This is a great recipe for those impromptu barbecue ideas, or adding simple spicy grilled flavour to dishes.
Serves 2-3
1kg chicken wings
5tablespoons H.O.C Garli Charlic sauce
100ml milk
- Mix together the Garli Charlic and milk in a bowl.
- Marinate the wings in the Garli Charlic sauce mix for at least 15mins (best overnight), ensuring they are coated well and covered with a lid or food wrap.
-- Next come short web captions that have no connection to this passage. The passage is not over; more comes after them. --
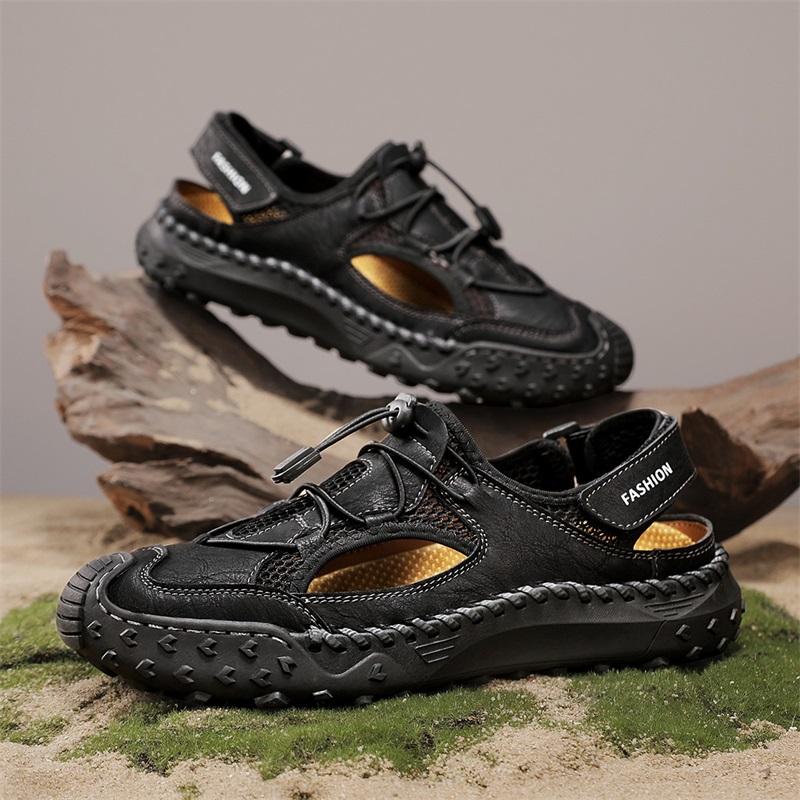 Fashion Brown Size 48 Summer Men Sandals Genuine Leather Mens Casual Shoes Outdoor Sandals for Men Beach Shoes Roman Handmade Mesh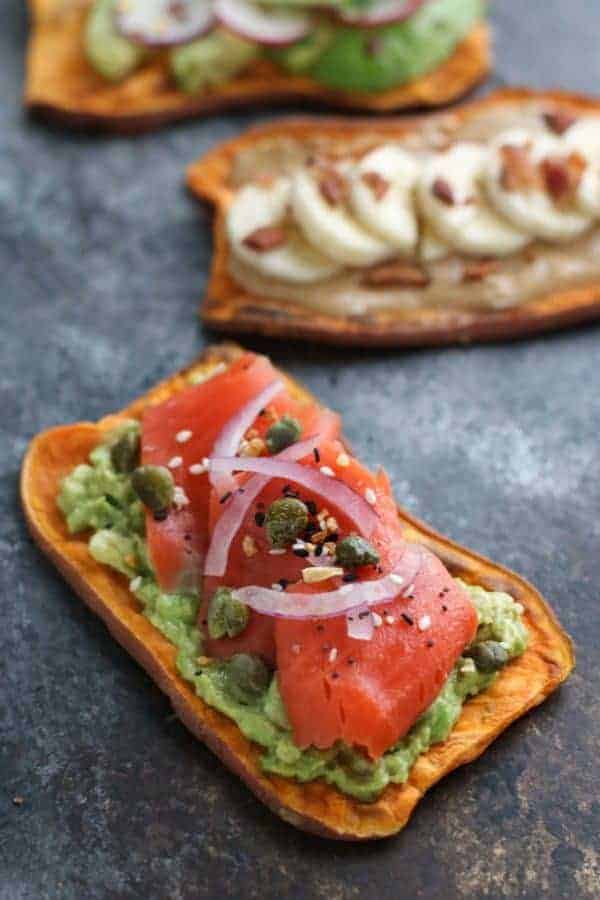 Oven Baked Sweet Potato Toast 4 Ways with avocado, tomatoes, and onion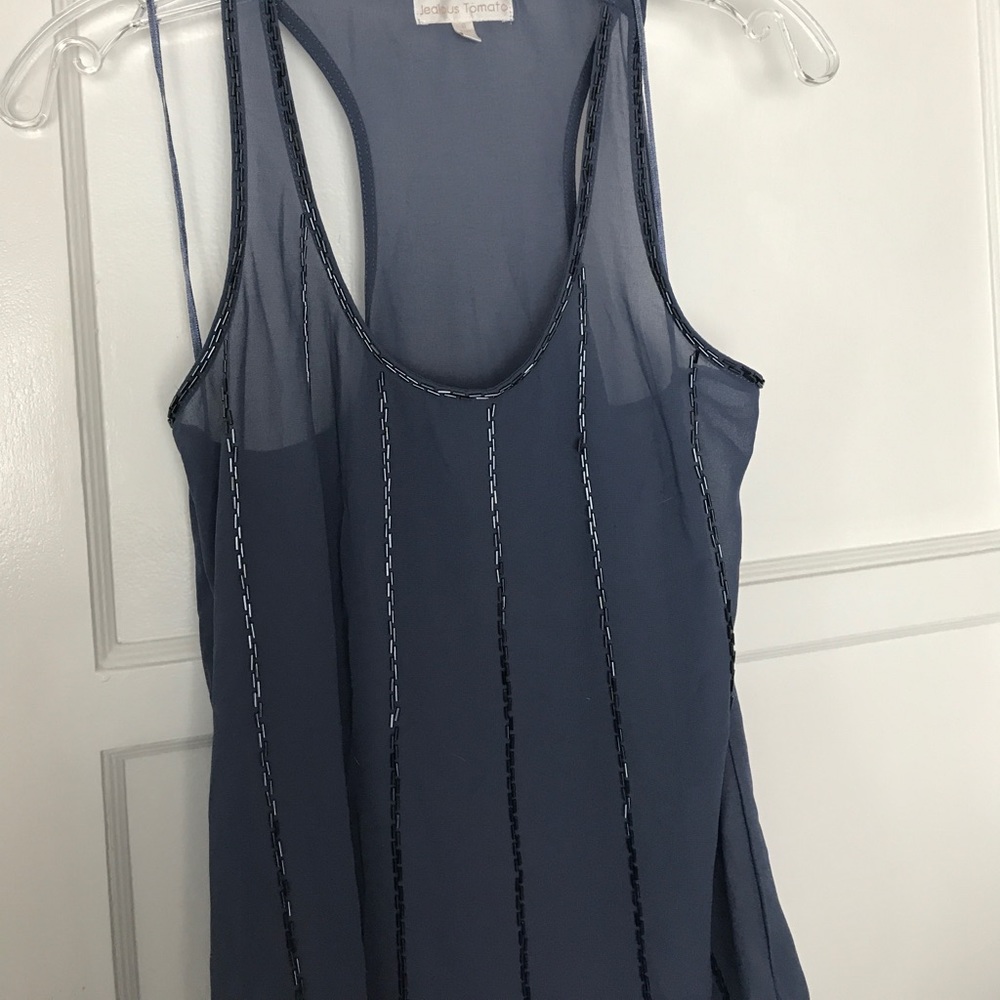 Blue sequin top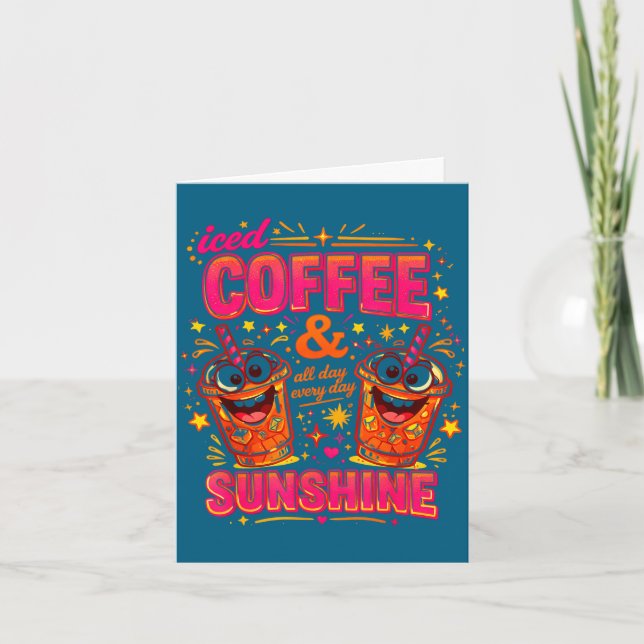 Rolig iskaffe solsken sommar vibbar kaffein kort (Framsida)
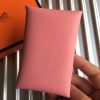 Hermes Pink Epsom Calvi Card Holder - Image 3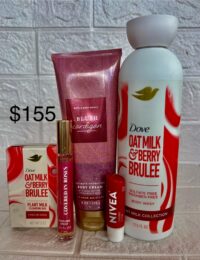 Dove Plant Milk Collection Bodywash & Barsoap-Oatmilk & Berry Brulee, B&B Blush Cardigan Lotion & Covered in Roses Mini Perfume & Nivea Cherry Lip Balm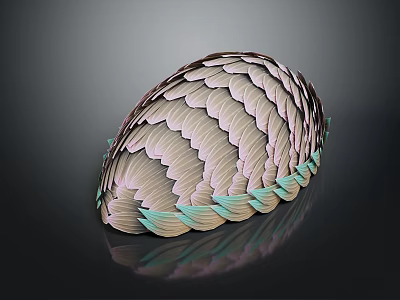 Colorful Bird Feathers With Pastel Pink Gray Light Green Detailed Fan Shaped Texture Dark Background 3d model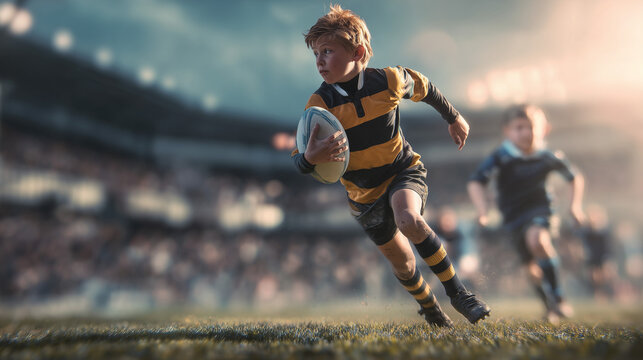 youth rugby player sprinting with ball on field, young boy running in rugby match with determination, action shot of junior rugby player during game at stadium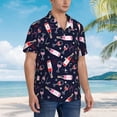thumbnail image 3 of Bingfone Men's Short Sleeve Button Down Shirts Hawaiian Love Wine Printed Beach Shirt, 3 of 7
If spice isn't your thing, use less H.O.C Garli Charlic sauce and yogurt instead of milk.
- Cook the wings on the barbecue*, or in the oven at 200°C (180°C fan, Gas mark 7, 390°F) for 40mins ensuring to turn the wings halfway through cooking.
*internal temperature of cooked chicken should be above 75°C for over 30seconds.
Serving suggestion: fresh off the grill with potato salad and cucumber slices 🤤
Can I use something other than chicken wings?
Yes, this also works for marinating veg such as corn on the cob, or meat substitutes such as firm tofu. It also goes well with halloumi. Larger chunks of meat, such as pork belly or beef steaks may need varying cooking times.
Basically, if something tastes good with garlic on the barbecue, it's gonna be banging with Garli Charlic.
Avoid marinating non-meat products for more than 30mins, as the milk content will soften it and make it harder to manage on a barbecue grill.
What milk/yogurt should I use?
Whatever you like. I personally prefer oat milk, or full fat Greek yogurt as they have a mildly sweeter taste when combined with the Garli Charlic sauce.
How long does this last/Shelf life?
Garli Charlic sauce lasts for up to a month if stored in the fridge. Can also be used as a dipping sauce.
Ensure to follow "use by" and reheating guidelines on all meat and substitute meat products.